Beginning with the line containing "Volkswagen T-Roc 1.5 TSI GPF ACT Advance DSG" and ending with the last line of the records, set down every line exactly.

##### Dataset content

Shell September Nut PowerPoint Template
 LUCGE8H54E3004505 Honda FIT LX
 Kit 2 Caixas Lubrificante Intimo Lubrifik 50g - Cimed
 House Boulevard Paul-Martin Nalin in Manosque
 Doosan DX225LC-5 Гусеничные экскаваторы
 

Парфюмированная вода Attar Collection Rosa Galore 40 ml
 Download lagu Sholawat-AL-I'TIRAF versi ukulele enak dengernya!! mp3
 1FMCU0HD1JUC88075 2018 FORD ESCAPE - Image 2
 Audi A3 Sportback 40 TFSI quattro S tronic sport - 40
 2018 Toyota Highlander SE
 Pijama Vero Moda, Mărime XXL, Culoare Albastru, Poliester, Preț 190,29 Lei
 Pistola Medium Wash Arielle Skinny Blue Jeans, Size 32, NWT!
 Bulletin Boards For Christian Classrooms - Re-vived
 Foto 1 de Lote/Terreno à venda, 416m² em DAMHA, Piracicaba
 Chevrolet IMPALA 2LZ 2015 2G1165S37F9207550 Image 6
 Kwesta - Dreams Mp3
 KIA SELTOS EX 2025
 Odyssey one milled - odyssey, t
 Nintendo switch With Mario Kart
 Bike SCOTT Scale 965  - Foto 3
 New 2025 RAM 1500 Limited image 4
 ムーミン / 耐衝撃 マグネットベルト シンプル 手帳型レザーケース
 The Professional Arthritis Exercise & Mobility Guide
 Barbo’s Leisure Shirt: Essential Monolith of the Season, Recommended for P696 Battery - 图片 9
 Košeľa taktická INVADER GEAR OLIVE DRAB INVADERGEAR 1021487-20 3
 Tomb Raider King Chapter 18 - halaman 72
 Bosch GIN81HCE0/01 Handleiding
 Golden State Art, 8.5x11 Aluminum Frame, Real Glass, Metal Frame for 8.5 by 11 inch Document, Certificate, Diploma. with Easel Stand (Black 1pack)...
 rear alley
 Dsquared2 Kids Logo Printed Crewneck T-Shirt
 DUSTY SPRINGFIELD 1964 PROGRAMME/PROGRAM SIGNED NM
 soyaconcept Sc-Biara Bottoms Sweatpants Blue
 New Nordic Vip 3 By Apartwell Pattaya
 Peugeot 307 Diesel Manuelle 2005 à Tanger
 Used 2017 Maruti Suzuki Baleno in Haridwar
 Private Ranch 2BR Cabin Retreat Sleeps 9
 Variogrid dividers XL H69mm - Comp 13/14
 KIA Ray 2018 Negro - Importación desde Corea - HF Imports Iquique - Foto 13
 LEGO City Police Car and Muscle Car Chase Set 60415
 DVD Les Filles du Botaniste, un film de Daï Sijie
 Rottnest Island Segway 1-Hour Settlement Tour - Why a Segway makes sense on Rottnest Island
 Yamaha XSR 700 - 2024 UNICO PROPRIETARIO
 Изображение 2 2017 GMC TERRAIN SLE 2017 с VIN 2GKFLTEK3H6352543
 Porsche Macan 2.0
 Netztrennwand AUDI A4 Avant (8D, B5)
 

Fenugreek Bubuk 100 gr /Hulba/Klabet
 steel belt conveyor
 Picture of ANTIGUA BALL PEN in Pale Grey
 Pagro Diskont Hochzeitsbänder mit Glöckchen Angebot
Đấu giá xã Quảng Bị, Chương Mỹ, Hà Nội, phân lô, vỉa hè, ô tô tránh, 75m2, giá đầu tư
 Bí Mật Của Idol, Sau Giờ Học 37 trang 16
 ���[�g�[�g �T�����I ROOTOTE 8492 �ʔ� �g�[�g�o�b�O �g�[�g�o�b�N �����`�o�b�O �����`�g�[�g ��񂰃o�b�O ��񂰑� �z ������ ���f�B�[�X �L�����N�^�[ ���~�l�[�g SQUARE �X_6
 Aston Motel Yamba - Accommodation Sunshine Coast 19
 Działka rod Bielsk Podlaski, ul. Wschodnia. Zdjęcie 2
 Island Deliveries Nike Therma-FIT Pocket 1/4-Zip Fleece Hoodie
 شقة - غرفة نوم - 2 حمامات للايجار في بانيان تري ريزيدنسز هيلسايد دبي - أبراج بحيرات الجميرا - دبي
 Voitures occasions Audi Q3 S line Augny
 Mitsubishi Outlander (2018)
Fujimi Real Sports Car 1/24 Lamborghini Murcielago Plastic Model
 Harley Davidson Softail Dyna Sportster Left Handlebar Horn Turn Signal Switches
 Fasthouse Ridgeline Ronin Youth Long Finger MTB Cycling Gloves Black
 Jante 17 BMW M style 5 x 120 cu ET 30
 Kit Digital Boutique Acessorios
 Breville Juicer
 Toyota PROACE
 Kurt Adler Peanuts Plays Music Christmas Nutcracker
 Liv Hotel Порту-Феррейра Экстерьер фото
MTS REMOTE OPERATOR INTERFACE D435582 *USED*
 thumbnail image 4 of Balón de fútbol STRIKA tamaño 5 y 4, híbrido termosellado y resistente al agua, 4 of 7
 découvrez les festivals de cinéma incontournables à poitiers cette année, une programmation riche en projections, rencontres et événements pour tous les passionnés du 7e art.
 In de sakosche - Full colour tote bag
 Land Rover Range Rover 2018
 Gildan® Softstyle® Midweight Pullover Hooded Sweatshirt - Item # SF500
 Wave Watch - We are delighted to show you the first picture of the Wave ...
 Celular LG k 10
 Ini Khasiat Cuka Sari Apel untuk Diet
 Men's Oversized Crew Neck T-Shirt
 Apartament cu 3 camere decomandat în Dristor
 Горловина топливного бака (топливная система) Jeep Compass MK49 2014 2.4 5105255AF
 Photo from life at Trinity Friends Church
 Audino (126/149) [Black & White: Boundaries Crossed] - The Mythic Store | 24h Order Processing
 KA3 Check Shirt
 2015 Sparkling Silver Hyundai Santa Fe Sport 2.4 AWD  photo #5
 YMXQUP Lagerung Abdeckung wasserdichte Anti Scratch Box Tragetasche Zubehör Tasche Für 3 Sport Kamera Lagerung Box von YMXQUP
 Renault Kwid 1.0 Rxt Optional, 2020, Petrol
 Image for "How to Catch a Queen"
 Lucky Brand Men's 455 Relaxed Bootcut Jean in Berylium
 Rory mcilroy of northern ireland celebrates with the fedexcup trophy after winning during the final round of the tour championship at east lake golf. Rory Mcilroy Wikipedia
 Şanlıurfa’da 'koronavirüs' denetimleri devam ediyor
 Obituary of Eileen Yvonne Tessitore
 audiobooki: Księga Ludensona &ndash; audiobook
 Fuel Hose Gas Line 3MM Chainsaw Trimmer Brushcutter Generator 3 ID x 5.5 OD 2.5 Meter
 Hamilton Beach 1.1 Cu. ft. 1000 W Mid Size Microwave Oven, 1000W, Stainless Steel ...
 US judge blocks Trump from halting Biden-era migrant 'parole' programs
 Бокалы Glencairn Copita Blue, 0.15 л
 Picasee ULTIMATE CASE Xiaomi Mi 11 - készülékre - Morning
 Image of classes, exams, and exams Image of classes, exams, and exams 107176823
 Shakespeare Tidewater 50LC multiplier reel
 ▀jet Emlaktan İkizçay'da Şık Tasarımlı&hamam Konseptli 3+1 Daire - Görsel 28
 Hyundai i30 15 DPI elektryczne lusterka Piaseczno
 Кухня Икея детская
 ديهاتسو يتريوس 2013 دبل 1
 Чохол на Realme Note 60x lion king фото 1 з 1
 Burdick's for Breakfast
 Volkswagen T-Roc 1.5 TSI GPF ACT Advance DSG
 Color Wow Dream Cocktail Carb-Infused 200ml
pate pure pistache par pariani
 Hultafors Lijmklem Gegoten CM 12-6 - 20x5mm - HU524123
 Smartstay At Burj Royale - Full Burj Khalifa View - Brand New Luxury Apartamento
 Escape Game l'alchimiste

##########

§ Exercise solution:
 Volkswagen T-Roc 1.5 TSI GPF ACT Advance DSG
 Color Wow Dream Cocktail Carb-Infused 200ml
pate pure pistache par pariani
 Hultafors Lijmklem Gegoten CM 12-6 - 20x5mm - HU524123
 Smartstay At Burj Royale - Full Burj Khalifa View - Brand New Luxury Apartamento
 Escape Game l'alchimiste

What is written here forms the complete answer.